> **Information provided**
-=-=-=-=-

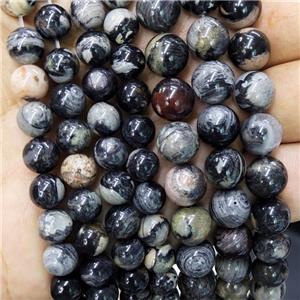 Black Silver Leaf Jasper Beads Smooth Round, approx 4mm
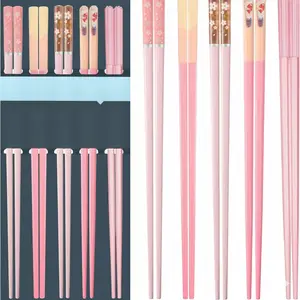 5 Pairs Chopsticks Reusable Dishwasher Safe, 9.57 inches Pink Non-slip Lightweight Fiberglass Chop Sticks, Asian Cuisine Japanese Chinese Chopstick Gift Set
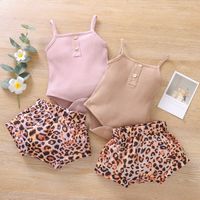 2022 Neue Kinder Kleidung Sling Top Leopard Print Shorts Zwei-stück Anzug main image 2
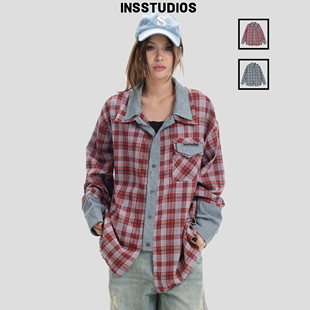 长袖 拼接牛仔格子假两件衬衫 衬衣外套 国潮牌情侣美式 INSstudios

-=-=-=-=-

> **Action item**
The expected answer is the lines from the one that has "2022 Neue Kinder" to the end of the listing, transcribed exactly, with pictures left out and no other line added.

> **Result**
 2022 Neue Kinder Kleidung Sling Top Leopard Print Shorts Zwei-stück Anzug main image 2
 长袖 拼接牛仔格子假两件衬衫 衬衣外套 国潮牌情侣美式 INSstudios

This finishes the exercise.